For the material below, reproduce exactly each line from the one that has "SEAT Ateca 1.5" through the one that has "20 Oxford Blvd, Pleasant", and no others; pictures stay out.
[EXERCISE DATA Boundary: Start]
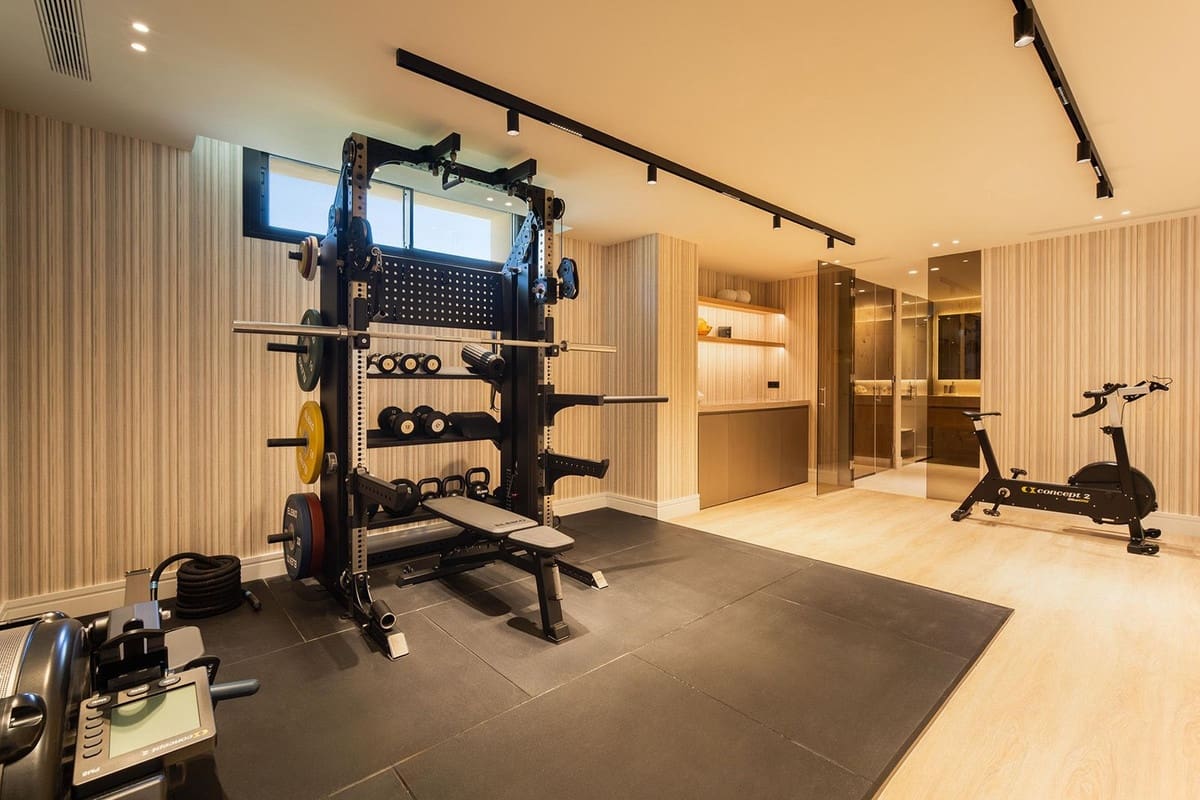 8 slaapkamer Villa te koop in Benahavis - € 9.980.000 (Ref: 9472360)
[EXERCISE DATA Boundary: End]
[EXERCISE DATA Boundary: Start]
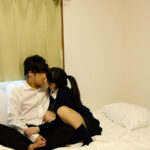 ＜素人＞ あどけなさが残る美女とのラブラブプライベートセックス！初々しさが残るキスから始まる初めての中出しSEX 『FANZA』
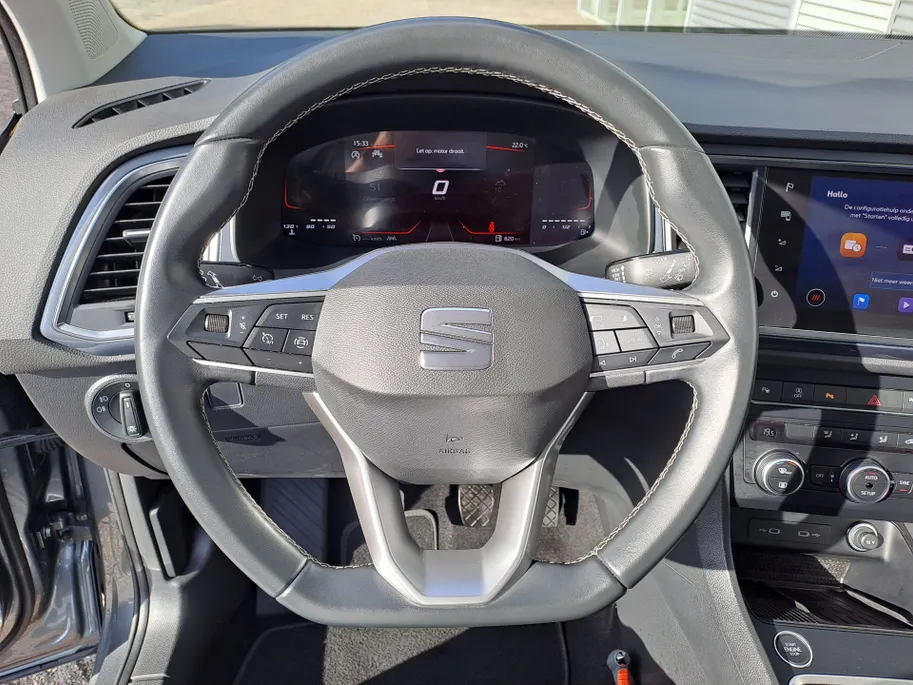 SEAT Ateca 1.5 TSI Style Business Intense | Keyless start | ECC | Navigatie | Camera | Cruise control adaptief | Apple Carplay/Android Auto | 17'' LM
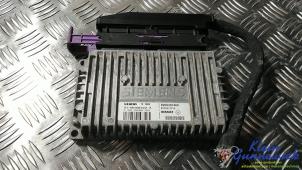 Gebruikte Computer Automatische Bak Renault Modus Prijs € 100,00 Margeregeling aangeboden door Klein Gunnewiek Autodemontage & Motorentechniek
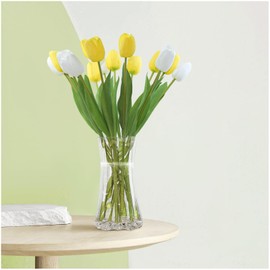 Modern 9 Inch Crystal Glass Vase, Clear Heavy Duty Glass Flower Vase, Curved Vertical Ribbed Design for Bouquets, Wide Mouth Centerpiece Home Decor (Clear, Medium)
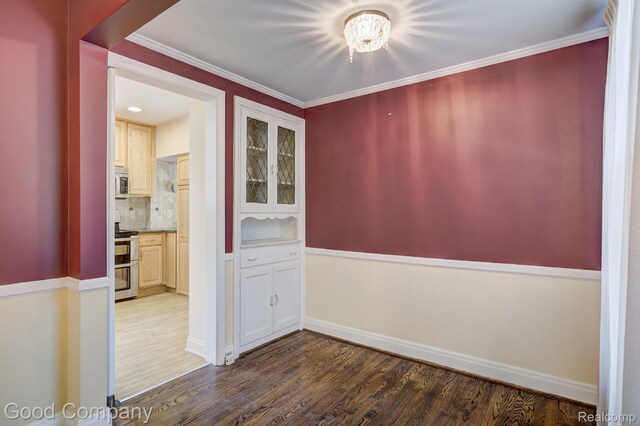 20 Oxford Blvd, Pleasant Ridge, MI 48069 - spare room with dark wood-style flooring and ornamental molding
[EXERCISE DATA Boundary: End]
> **EXERCISE RESULT**
 SEAT Ateca 1.5 TSI Style Business Intense | Keyless start | ECC | Navigatie | Camera | Cruise control adaptief | Apple Carplay/Android Auto | 17'' LM
 Gebruikte Computer Automatische Bak Renault Modus Prijs € 100,00 Margeregeling aangeboden door Klein Gunnewiek Autodemontage & Motorentechniek
 Modern 9 Inch Crystal Glass Vase, Clear Heavy Duty Glass Flower Vase, Curved Vertical Ribbed Design for Bouquets, Wide Mouth Centerpiece Home Decor (Clear, Medium)
 20 Oxford Blvd, Pleasant Ridge, MI 48069 - spare room with dark wood-style flooring and ornamental molding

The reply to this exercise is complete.